What you will do>
The records below are to be retyped in full, without any alteration.
---+---
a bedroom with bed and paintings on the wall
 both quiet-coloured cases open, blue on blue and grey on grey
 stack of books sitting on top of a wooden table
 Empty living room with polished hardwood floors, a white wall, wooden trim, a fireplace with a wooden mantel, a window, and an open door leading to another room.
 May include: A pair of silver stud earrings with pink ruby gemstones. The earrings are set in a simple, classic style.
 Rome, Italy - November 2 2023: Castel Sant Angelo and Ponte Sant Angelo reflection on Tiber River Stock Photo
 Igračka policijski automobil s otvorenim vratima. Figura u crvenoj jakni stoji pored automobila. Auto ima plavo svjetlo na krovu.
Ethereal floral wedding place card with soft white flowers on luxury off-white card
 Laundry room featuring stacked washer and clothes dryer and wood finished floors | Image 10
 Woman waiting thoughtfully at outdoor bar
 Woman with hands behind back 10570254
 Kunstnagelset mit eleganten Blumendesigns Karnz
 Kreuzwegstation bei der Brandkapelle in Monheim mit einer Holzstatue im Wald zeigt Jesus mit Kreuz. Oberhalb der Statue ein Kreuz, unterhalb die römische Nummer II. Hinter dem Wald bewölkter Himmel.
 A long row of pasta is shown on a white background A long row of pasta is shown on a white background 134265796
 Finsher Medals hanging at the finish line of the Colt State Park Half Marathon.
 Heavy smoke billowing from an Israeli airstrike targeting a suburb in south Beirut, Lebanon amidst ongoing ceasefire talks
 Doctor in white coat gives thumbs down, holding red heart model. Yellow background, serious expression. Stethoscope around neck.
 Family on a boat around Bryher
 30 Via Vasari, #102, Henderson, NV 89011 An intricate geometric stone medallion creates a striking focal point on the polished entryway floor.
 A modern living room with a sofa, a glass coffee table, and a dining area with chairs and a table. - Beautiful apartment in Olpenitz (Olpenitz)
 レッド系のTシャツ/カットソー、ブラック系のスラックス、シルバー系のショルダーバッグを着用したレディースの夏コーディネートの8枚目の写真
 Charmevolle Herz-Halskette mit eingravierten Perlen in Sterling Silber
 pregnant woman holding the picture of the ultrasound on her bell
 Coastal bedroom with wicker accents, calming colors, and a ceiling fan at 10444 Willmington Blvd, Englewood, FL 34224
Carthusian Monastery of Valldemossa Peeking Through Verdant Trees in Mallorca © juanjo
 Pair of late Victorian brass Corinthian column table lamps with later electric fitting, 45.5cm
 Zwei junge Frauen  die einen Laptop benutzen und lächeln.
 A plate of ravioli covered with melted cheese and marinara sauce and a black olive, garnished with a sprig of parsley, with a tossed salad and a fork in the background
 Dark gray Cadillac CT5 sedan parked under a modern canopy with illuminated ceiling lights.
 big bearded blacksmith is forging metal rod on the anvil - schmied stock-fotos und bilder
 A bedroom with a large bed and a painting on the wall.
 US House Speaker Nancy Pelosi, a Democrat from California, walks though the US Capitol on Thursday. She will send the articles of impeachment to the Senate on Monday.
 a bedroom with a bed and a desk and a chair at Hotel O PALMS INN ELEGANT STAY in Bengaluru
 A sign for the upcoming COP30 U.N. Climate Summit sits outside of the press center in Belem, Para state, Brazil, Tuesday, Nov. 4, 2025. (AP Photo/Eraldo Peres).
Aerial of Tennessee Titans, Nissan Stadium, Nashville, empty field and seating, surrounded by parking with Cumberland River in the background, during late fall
---+---
Response below>
a bedroom with bed and paintings on the wall
 both quiet-coloured cases open, blue on blue and grey on grey
 stack of books sitting on top of a wooden table
 Empty living room with polished hardwood floors, a white wall, wooden trim, a fireplace with a wooden mantel, a window, and an open door leading to another room.
 May include: A pair of silver stud earrings with pink ruby gemstones. The earrings are set in a simple, classic style.
 Rome, Italy - November 2 2023: Castel Sant Angelo and Ponte Sant Angelo reflection on Tiber River Stock Photo
 Igračka policijski automobil s otvorenim vratima. Figura u crvenoj jakni stoji pored automobila. Auto ima plavo svjetlo na krovu.
Ethereal floral wedding place card with soft white flowers on luxury off-white card
 Laundry room featuring stacked washer and clothes dryer and wood finished floors | Image 10
 Woman waiting thoughtfully at outdoor bar
 Woman with hands behind back 10570254
 Kunstnagelset mit eleganten Blumendesigns Karnz
 Kreuzwegstation bei der Brandkapelle in Monheim mit einer Holzstatue im Wald zeigt Jesus mit Kreuz. Oberhalb der Statue ein Kreuz, unterhalb die römische Nummer II. Hinter dem Wald bewölkter Himmel.
 A long row of pasta is shown on a white background A long row of pasta is shown on a white background 134265796
 Finsher Medals hanging at the finish line of the Colt State Park Half Marathon.
 Heavy smoke billowing from an Israeli airstrike targeting a suburb in south Beirut, Lebanon amidst ongoing ceasefire talks
 Doctor in white coat gives thumbs down, holding red heart model. Yellow background, serious expression. Stethoscope around neck.
 Family on a boat around Bryher
 30 Via Vasari, #102, Henderson, NV 89011 An intricate geometric stone medallion creates a striking focal point on the polished entryway floor.
 A modern living room with a sofa, a glass coffee table, and a dining area with chairs and a table. - Beautiful apartment in Olpenitz (Olpenitz)
 レッド系のTシャツ/カットソー、ブラック系のスラックス、シルバー系のショルダーバッグを着用したレディースの夏コーディネートの8枚目の写真
 Charmevolle Herz-Halskette mit eingravierten Perlen in Sterling Silber
 pregnant woman holding the picture of the ultrasound on her bell
 Coastal bedroom with wicker accents, calming colors, and a ceiling fan at 10444 Willmington Blvd, Englewood, FL 34224
Carthusian Monastery of Valldemossa Peeking Through Verdant Trees in Mallorca © juanjo
 Pair of late Victorian brass Corinthian column table lamps with later electric fitting, 45.5cm
 Zwei junge Frauen  die einen Laptop benutzen und lächeln.
 A plate of ravioli covered with melted cheese and marinara sauce and a black olive, garnished with a sprig of parsley, with a tossed salad and a fork in the background
 Dark gray Cadillac CT5 sedan parked under a modern canopy with illuminated ceiling lights.
 big bearded blacksmith is forging metal rod on the anvil - schmied stock-fotos und bilder
 A bedroom with a large bed and a painting on the wall.
 US House Speaker Nancy Pelosi, a Democrat from California, walks though the US Capitol on Thursday. She will send the articles of impeachment to the Senate on Monday.
 a bedroom with a bed and a desk and a chair at Hotel O PALMS INN ELEGANT STAY in Bengaluru
 A sign for the upcoming COP30 U.N. Climate Summit sits outside of the press center in Belem, Para state, Brazil, Tuesday, Nov. 4, 2025. (AP Photo/Eraldo Peres).
Aerial of Tennessee Titans, Nissan Stadium, Nashville, empty field and seating, surrounded by parking with Cumberland River in the background, during late fall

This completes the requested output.